----- Material provided
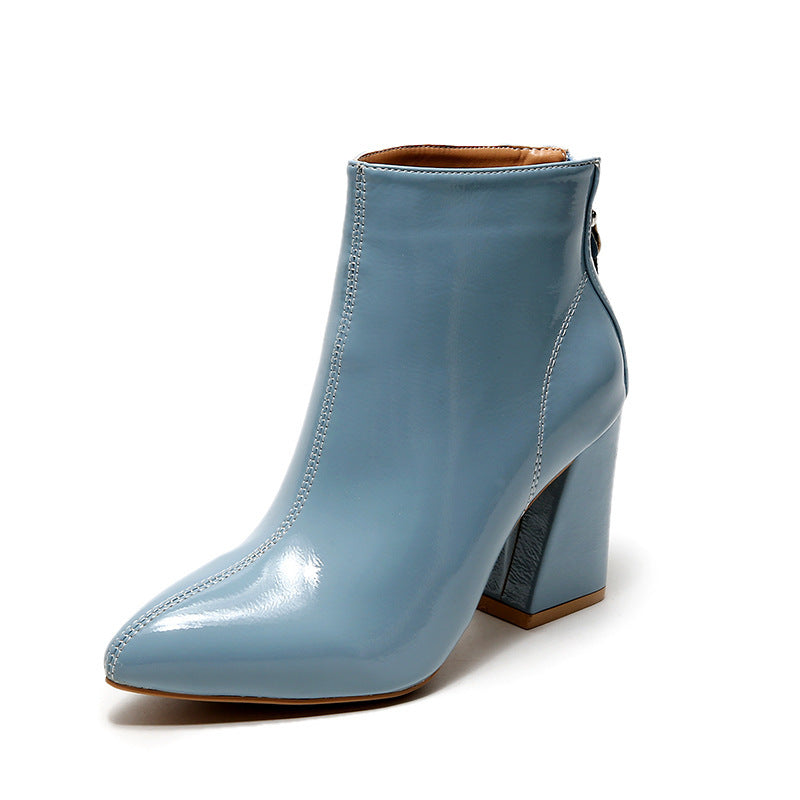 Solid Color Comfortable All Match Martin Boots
----------
----- Material provided
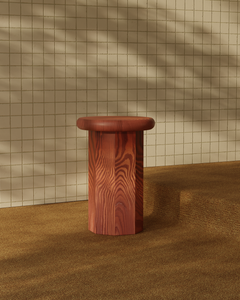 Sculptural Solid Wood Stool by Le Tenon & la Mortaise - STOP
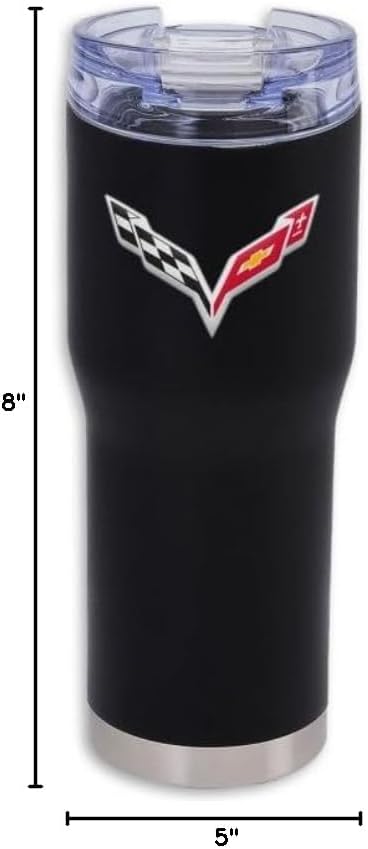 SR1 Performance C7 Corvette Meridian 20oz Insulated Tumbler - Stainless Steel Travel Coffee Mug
----------
* Work request:
Look above for the line with "Sculptural Solid Wood" and the line with "SR1 Performance C7". Copy them and every line between, exactly, but no pictures.

* Response to this task:
 Sculptural Solid Wood Stool by Le Tenon & la Mortaise - STOP
 SR1 Performance C7 Corvette Meridian 20oz Insulated Tumbler - Stainless Steel Travel Coffee Mug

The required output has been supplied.